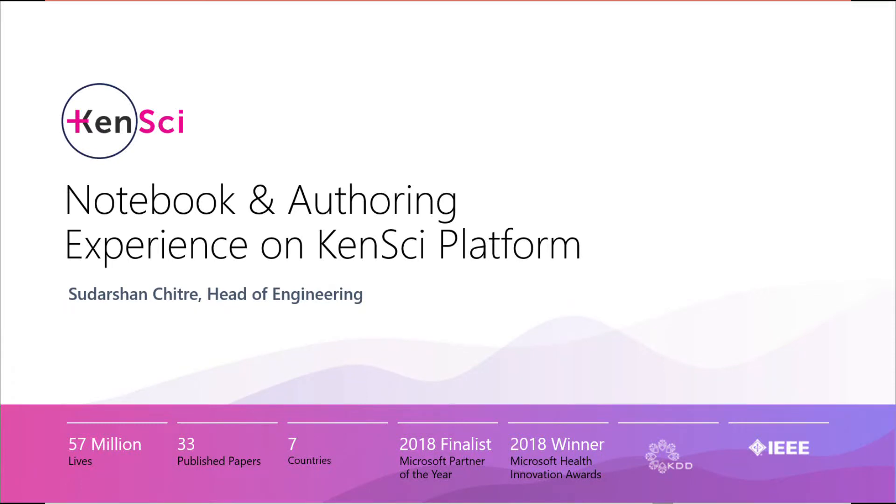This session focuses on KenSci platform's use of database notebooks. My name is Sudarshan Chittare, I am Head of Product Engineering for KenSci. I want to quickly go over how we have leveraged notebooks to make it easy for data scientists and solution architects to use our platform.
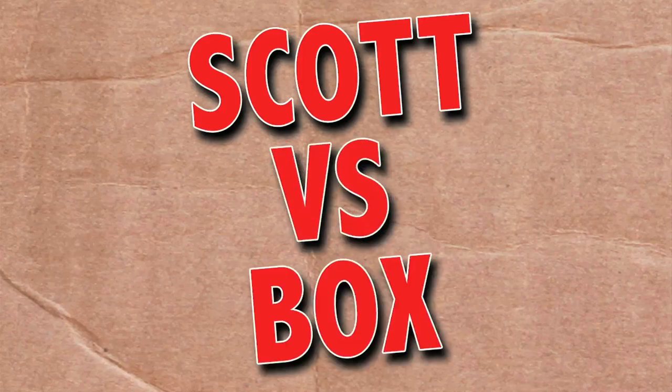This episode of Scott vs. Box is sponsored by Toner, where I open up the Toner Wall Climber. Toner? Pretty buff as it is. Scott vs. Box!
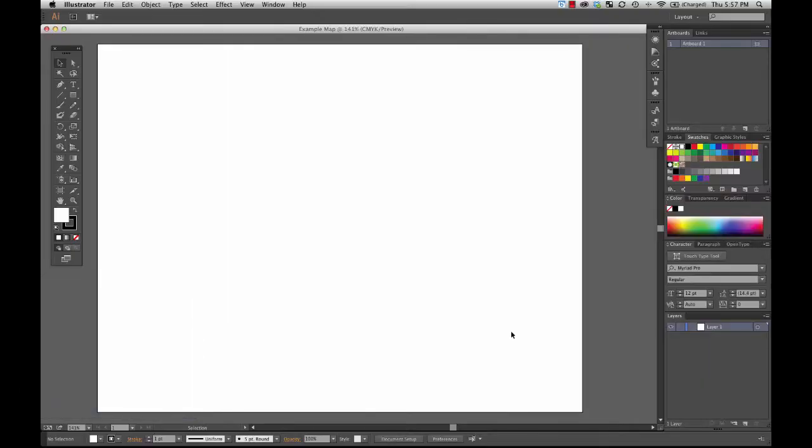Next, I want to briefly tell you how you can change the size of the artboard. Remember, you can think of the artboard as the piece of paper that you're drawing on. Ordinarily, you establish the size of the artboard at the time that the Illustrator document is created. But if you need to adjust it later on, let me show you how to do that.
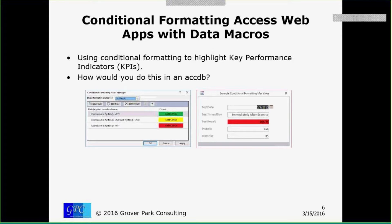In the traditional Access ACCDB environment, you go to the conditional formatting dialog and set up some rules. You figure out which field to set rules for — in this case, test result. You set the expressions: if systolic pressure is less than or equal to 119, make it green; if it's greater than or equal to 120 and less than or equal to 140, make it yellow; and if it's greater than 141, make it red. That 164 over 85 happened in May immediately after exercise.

▶ _PROBLEM_
Drop the pictures and reproduce the rest of the data above exactly.

▶ _SOLUTION TO THIS TASK_
This session focuses on KenSci platform's use of database notebooks. My name is Sudarshan Chittare, I am Head of Product Engineering for KenSci. I want to quickly go over how we have leveraged notebooks to make it easy for data scientists and solution architects to use our platform.
This episode of Scott vs. Box is sponsored by Toner, where I open up the Toner Wall Climber. Toner? Pretty buff as it is. Scott vs. Box!
Next, I want to briefly tell you how you can change the size of the artboard. Remember, you can think of the artboard as the piece of paper that you're drawing on. Ordinarily, you establish the size of the artboard at the time that the Illustrator document is created. But if you need to adjust it later on, let me show you how to do that.
In the traditional Access ACCDB environment, you go to the conditional formatting dialog and set up some rules. You figure out which field to set rules for — in this case, test result. You set the expressions: if systolic pressure is less than or equal to 119, make it green; if it's greater than or equal to 120 and less than or equal to 140, make it yellow; and if it's greater than 141, make it red. That 164 over 85 happened in May immediately after exercise.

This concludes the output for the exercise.